By Max Clarke

The Office of Fair Trading and Age UK have joined forces to raise awareness amongst older people of mass-marketed scams and urge them to speak up if they have been targeted by scammers.

Older people are more likely to be targeted by these scammers with over 55s accounting for almost half of people who say they have been approached, according to OFT research.

Age UK is supporting the OFT's Scams Awareness Month as part of its Older People and Crime Initiative which aims to reduce older people's fear of crime. This initiative involves training over 100 Age UK volunteers across England and Wales to advise on issues including scams by visiting older people in local community groups such as at day care centers and coffee mornings.

Helena Herklots, Services Director at Age UK, said:

'Although crime against older people is less likely than other age groups, people in later life can be an attractive target for scammers. Fortunately, a lot of scams can be avoided, provided people have the right information and advice, and know what to look out for.

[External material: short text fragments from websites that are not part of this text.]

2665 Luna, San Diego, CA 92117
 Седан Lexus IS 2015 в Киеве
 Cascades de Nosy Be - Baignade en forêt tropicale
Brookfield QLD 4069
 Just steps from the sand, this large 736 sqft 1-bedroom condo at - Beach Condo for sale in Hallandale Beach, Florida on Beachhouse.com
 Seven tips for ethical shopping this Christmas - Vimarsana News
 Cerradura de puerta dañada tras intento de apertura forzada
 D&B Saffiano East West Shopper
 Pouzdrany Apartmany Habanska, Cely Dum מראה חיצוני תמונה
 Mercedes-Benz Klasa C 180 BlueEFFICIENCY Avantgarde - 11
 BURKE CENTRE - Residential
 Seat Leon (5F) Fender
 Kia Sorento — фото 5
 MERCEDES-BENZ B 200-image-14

'Age UK has produced two free information guides 'Avoiding Scams' and 'Staying Safe' which warn people of the most common scams and provide practical steps to ensure older people are able to protect themselves against this type of crime in the home and on the doorstep.'

Michele Shambrook, Operations Manager of Consumer Direct, the OFT managed advice service, commented:

'Scammers are expert at exploiting people's hopes and fears. Anyone can be conned but by learning to recognise the scammer's tricks we can all avoid becoming their next victim.

'We want older people to recognise the warning signs, and feel confident enough to seek advice from friends and family or organizations like ours.'

The OFT and Age UK are giving people the following advice:

* If you are unsure of an offer, speak to family or friends and seek advice from Consumer Direct before sending any money or giving out any banking or credit card details.

* Stop, think and be sceptical. If something sounds too good to be true it probably is.

* Do not be rushed into sending off money to someone you do not know, however plausible they might sound and even where an approach is personalised.

* Ask yourself how likely it is that you have been especially chosen for this offer - thousands of other people will probably have received the same offer.

* Think about how much money you could lose from replying to a potential scam - it's not a gamble worth taking.

This year's Scams Awareness Month is seeking to raise awareness of the scale of the problem with a nationwide 'Scamnesty' run in partnership with 86 local authority Trading Standards Services (TSS). The campaign calls on consumers to drop scam mailings they have received into designated 'Scamnesty' bins or boxes at local libraries and public areas across the country.